A total of 39 TLS-RGs were collected for next study. The expression level of TLS-RGs was significantly different in tumor tissues compared to that in the corresponding normal tissues (Fig. 1A). According to the univariate Cox regression analysis result, 7 prognostic TLS-RGs were obtained via the LASSO analysis (Fig. 1B,C). Finally, 3 prognostic TLS-RGs (CCL8, CXCL13 and IRF4) were identified for the subsequent analysis, which could be regarded as independent prognostic predictors of CM determined by multivariate Cox regression analysis.

Figure 1
figure 1

Risk model development based on the TLS-RGs signature. (A) Expression of TLS-RGs in CM patients and paired normal samples. (B) Univariate Cox regression analysis of prognostic TLS-RGs. (C) LASSO regression analysis of prognostic TLS-RGs.

Consensus clustering for TLS-RGs associated with prognosis and immune infiltration landscape in CM

The molecular subtypes of CM were identified according to the TLS-RGs risk model in CM, and the CM samples were clustered into Cluster A (n = 195) and Cluster B (n = 295) by consensus clustering analysis. (Fig. 2A). Principal component analysis (PCA) plot suggested that the CM samples in Cluster A and B could be clearly distinguished (Fig. 2B). The Kaplan–Meier survival analysis showed the OS rate of patients in Cluster A was greatly higher than that in Cluster B, indicating a clear difference in clinical outcome of CM (Fig. 2C). The CIBERSORT and ssGSEA algorithm were utilized to quantify the proportions of immune cells of CM patients. The CIBERSORT result showed a significant difference in proportion of tumor-infiltrating immune cells between the two clusters (Fig. 2D). The ssGSEA result suggested that 23-type immune cells were upregulated in Cluster A (Fig. 2E). In addition, higher ESTIMATE, stromal and immune scores as well as lower tumor purity were observed in Cluster A by ESTIMATE algorithm (Fig. 2F–I).

Figure 2
figure 2

Consensus clustering and immune infiltration analysis in CM. (A) Molecular subtyping by consensus clustering heatmap. (B) Principal component analysis of CM patients between Cluster A and B. (C) Kaplan–Meier survival analysis between Cluster A and B. Difference in fractions of immune cells between the two subtypes via (D) CIBERSORT and (E) ssGSEA algorithm. Characteristic analysis between the two clusters by (F) ESTIMATE score. (G) Tumor purity. (H) Stromal score. (I) Immune score.

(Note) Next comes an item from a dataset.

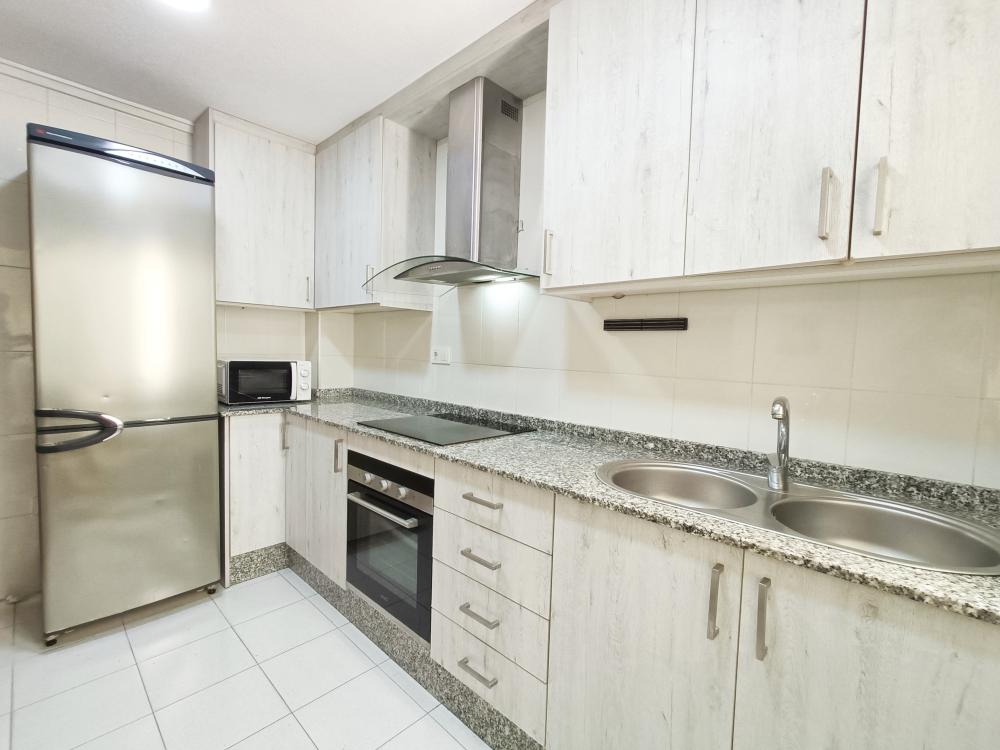  till salu lägenhet Santa Pola Baix Vinalopó 13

The difference in immunotherapy efficiency in two molecular subtypes was further evaluated. Tumor immune dysfunction and exclusion (TIDE) result showed lower TIDE score in Cluster B, suggesting a potential better benefit to immunotherapy (Fig. 3A). Immune function analysis illustrated a higher immune function score of CM patients in Cluster A as compared with that in Cluster B (Fig. 3B). Immunophenoscore (IPS) results showed a clear difference in immunotherapy response of CM samples between Cluster A and Cluster B, indicating CM samples in Cluster A showed a better response to PD-1, and PD-1/CTLA4 treatment (Fig. 3C–F).

Figure 3
figure 3

Association of TLS-RGs risk model and immunotherapy response in CM. (A) TIDE score analysis between the two clusters. (B) Difference in immune function score between the two subtypes Immune function score. (CF) IPS score showed the possible response ability to immunotherapy of CM patients in Cluster A and Cluster B.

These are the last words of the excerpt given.